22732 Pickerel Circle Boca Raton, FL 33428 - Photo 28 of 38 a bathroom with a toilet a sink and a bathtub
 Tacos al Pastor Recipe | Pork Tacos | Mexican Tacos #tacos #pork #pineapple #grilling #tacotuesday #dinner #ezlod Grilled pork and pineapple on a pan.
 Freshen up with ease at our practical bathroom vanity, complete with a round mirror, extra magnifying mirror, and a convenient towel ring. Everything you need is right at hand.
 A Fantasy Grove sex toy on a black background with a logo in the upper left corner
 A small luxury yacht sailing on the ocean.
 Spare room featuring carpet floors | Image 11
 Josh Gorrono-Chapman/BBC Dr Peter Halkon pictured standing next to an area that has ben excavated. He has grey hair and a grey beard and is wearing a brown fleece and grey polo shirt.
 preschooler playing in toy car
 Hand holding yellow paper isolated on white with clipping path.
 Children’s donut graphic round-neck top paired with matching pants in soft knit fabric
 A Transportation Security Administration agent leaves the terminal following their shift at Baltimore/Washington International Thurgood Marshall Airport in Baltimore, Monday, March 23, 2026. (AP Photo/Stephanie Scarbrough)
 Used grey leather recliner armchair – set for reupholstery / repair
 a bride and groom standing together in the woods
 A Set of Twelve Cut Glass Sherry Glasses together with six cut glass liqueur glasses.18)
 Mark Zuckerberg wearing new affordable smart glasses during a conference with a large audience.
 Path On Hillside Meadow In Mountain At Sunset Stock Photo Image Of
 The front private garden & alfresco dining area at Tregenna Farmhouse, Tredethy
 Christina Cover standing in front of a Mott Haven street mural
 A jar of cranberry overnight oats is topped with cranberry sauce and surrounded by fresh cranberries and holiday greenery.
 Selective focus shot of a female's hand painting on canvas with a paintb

━━━━━━

— Task item —
In the data above, find the line that contains "A small luxury yacht sailing on the ocean.", then reproduce exactly every line from the first line through that line.

— Task result —
22732 Pickerel Circle Boca Raton, FL 33428 - Photo 28 of 38 a bathroom with a toilet a sink and a bathtub
 Tacos al Pastor Recipe | Pork Tacos | Mexican Tacos #tacos #pork #pineapple #grilling #tacotuesday #dinner #ezlod Grilled pork and pineapple on a pan.
 Freshen up with ease at our practical bathroom vanity, complete with a round mirror, extra magnifying mirror, and a convenient towel ring. Everything you need is right at hand.
 A Fantasy Grove sex toy on a black background with a logo in the upper left corner
 A small luxury yacht sailing on the ocean.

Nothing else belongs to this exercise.